Two days later, his yowl continued to reverberate in the Democratic presidential race. Comedian Jay Leno has joked about it for two nights running, Boston talk-radio hosts use Dean's primal scream as a soundtrack and mocking remixes of it are available on the Internet.
"Yeaaaahhhhhhghhhh!" Dean shouted near the end of his roaring speech Monday to supporters absorbing news of his crushing Iowa defeat. As he tried to rally his troops at the Val Air ballroom, a '70s-era disco palace just outside Des Moines, he peeled off his suit coat, rolled up his sleeves, punched the air, bared his teeth and shouted a litany of the states where he'd continue to fight. TV footage of the moment is riveting.
'Muskie Moment'
Dean faces the risk that his performance will form an indelible image of him as too angry and unstable to be president, political analysts said Wednesday. Some called it a potential defining "Muskie Moment," a reference to a devastating image of former Democratic Sen. Edmund Muskie of Maine apparently crying over an insult to his wife, which helped kill his once front-running 1972 presidential campaign.
Dean "looked like a prairie dog on speed," former Wyoming Sen. Alan K. Simpson, a Republican, said on CNN.
"I'm not an expert in politics," Leno said Monday night. "But I think it's a bad sign when your speech ends with your aides shooting you with a tranquilizer gun."
Leno came back for more Tuesday: "Did you seen Howard Dean's speech last night? Oh, my God! Now I hear the cows in Iowa are afraid of getting mad-Dean disease."
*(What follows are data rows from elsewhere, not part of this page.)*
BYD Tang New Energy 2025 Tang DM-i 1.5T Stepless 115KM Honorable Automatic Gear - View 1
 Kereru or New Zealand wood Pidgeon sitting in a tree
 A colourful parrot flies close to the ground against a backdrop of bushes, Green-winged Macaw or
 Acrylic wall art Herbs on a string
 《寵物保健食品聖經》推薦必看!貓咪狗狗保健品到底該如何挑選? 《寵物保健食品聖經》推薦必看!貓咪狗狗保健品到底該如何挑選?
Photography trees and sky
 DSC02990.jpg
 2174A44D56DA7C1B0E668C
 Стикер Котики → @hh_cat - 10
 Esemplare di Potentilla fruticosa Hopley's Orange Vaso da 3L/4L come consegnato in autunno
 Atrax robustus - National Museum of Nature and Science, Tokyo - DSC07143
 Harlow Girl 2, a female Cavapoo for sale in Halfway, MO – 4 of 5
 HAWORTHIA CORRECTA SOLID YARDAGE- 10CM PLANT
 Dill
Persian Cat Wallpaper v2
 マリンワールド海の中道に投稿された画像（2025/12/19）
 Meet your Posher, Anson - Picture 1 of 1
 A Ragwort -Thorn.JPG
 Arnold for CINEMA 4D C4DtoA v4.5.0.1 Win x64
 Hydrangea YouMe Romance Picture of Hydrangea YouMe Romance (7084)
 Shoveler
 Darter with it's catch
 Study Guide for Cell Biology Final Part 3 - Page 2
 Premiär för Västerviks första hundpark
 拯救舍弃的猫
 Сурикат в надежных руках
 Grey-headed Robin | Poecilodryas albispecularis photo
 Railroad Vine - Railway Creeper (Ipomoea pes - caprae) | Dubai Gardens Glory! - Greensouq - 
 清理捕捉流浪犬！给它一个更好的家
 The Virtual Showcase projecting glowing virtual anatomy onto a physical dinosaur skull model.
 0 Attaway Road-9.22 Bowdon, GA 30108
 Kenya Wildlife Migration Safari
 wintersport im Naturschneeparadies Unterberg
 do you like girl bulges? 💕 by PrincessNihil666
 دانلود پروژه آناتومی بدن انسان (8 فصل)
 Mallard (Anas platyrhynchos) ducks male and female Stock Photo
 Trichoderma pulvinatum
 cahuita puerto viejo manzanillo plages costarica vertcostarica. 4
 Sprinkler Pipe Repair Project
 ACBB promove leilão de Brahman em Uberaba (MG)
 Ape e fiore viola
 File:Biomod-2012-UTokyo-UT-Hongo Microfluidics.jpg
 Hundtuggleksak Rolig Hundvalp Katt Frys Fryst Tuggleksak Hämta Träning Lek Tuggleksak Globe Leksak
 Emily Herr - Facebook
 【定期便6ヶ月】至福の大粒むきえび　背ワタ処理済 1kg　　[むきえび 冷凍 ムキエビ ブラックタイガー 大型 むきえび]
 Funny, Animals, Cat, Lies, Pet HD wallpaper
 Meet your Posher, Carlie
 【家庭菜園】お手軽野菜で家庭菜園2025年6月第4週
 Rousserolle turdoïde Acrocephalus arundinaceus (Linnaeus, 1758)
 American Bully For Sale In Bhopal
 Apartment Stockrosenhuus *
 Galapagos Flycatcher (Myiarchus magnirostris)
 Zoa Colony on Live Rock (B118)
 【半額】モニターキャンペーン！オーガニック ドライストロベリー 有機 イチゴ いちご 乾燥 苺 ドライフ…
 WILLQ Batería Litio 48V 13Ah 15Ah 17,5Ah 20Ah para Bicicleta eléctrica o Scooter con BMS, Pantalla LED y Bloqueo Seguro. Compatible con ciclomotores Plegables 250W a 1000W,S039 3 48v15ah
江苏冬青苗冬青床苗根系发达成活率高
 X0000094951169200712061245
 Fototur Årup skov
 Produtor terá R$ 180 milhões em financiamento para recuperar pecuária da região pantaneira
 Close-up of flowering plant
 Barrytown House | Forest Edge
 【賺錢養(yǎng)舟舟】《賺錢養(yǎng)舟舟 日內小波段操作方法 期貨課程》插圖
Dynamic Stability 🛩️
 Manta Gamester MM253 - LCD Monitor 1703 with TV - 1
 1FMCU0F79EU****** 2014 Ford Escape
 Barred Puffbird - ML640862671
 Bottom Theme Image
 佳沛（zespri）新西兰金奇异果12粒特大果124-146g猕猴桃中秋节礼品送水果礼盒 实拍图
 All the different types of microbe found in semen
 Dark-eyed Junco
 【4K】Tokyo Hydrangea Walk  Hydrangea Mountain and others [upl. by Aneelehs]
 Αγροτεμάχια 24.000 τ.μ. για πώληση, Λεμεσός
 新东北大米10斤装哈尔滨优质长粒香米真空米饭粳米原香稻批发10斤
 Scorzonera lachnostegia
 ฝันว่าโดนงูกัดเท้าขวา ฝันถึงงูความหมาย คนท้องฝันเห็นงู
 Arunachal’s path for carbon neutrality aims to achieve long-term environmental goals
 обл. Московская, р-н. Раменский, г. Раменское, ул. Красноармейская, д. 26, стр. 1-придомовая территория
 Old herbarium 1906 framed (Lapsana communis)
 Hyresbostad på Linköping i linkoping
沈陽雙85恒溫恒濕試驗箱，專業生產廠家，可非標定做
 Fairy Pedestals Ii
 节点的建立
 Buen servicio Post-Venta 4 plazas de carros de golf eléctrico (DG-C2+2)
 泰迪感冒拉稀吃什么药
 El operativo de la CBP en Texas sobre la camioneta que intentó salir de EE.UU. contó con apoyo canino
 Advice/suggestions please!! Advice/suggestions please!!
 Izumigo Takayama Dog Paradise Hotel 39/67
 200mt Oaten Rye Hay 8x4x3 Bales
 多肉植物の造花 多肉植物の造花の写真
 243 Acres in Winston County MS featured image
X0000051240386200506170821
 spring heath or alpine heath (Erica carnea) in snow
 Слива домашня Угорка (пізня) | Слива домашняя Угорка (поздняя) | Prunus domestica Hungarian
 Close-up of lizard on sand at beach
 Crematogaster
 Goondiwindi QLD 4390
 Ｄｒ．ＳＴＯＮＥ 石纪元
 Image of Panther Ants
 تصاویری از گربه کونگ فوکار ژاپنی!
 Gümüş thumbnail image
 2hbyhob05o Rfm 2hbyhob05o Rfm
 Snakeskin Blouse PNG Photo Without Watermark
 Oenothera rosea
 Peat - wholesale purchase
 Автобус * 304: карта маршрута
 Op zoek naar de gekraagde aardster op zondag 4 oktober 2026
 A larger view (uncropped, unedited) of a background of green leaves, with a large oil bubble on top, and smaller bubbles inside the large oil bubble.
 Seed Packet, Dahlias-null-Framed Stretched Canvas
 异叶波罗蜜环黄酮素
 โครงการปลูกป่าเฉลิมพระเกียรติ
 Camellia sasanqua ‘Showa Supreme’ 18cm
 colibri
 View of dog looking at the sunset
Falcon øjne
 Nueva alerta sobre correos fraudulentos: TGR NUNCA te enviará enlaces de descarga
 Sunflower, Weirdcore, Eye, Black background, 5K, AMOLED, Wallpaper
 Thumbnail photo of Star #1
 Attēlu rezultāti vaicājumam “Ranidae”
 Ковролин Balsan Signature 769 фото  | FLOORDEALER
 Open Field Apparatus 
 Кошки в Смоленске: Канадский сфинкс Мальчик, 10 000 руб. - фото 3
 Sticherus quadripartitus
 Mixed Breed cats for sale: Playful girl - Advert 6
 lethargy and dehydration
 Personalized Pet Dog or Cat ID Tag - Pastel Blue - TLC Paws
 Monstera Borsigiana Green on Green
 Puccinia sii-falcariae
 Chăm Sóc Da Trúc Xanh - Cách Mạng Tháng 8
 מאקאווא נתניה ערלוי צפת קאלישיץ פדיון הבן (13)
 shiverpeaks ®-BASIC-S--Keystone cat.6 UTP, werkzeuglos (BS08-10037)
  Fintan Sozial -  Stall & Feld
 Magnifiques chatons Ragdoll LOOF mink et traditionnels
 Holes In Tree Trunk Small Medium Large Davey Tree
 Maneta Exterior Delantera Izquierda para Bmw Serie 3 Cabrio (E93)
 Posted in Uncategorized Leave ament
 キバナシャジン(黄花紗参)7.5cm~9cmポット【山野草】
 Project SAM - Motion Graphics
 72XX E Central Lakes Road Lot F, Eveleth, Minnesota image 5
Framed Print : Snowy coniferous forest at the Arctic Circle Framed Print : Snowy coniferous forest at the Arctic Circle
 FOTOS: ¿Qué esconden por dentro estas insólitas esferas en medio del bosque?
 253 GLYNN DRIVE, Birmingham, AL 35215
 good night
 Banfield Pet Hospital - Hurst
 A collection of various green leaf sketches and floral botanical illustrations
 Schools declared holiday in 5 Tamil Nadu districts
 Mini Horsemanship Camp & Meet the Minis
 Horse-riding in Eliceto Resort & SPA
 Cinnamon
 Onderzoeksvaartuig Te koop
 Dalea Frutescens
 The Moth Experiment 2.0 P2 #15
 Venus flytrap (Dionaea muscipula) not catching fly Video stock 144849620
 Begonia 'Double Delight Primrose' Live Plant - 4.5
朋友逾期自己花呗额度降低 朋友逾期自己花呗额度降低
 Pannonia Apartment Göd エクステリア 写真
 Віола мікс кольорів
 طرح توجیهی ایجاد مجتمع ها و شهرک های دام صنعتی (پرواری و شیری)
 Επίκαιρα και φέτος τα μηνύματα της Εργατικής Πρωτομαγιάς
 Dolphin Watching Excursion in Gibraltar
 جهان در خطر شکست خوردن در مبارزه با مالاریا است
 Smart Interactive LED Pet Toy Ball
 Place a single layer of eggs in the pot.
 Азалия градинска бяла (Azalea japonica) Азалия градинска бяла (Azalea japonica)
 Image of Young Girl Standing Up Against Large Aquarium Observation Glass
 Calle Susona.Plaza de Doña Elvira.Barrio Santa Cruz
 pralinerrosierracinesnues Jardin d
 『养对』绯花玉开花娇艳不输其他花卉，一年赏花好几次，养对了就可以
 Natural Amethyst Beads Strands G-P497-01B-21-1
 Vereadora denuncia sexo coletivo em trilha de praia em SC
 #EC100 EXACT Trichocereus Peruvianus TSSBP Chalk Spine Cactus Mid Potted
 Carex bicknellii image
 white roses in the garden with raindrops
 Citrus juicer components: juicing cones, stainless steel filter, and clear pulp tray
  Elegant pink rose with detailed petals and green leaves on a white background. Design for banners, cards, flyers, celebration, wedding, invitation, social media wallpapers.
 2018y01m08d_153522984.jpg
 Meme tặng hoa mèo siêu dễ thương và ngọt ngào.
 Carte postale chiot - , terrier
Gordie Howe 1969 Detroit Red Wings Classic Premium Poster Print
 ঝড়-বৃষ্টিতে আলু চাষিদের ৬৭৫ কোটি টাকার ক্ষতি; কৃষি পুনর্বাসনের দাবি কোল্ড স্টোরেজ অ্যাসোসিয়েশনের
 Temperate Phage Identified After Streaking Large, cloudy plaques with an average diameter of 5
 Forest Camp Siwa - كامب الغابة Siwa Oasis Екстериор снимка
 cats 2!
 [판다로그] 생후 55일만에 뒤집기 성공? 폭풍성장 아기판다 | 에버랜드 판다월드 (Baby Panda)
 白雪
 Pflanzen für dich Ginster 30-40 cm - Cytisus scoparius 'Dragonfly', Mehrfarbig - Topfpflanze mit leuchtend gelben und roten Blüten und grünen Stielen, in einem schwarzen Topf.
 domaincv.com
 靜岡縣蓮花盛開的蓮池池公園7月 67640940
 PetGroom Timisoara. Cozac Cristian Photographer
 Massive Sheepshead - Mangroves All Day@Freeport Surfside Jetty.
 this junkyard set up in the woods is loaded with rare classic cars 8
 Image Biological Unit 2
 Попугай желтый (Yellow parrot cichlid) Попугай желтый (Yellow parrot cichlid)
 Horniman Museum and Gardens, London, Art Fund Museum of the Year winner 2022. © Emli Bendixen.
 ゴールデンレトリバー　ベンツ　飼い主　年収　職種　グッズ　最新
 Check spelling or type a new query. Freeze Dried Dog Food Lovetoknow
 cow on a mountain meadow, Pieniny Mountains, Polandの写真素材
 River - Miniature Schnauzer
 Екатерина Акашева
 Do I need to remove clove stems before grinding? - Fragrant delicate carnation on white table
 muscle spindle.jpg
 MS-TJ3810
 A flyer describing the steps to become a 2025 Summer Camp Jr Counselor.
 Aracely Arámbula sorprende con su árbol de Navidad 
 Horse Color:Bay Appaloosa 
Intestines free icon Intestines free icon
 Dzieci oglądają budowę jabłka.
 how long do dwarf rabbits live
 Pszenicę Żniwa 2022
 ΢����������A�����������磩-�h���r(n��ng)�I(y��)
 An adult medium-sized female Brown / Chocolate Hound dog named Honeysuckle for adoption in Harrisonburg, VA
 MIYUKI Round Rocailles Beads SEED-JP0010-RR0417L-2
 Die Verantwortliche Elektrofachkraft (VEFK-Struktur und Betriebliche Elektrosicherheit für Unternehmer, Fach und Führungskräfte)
For two solid days, clips of Dean's rant have aired nationally, a danger for a candidate unknown to many voters. Added to earlier incidents such as the dressing-down he gave a heckler last week in Iowa, it could feed the perception that he has serious anger issues.
Taking a hit
He's already taking a hit in New Hampshire.
Tuesday night's tracking poll by the American Research Group showed his favorable rating down dramatically: 39 percent favorable, 30 percent unfavorable and 31 percent undecided, compared with 57 percent favorable, 19 percent unfavorable and 24 percent undecided for the three nights ending Monday.
"Anger was the rap on him anyway, and this is extremely damaging," said pollster Dick Bennett. "It was the worst thing he could have done. It just fits with the perception. If it gets burned in, he's done."
Bennett compared Dean's fiery speech to the famous incident when Muskie appeared to cry as he stood outside in the snow and denounced the Manchester Union Leader newspaper, which had attacked his wife in an editorial. Most historians now think the apparent tears were only melting snow, but the image proved devastating. During the Cold War, people wanted tough presidents.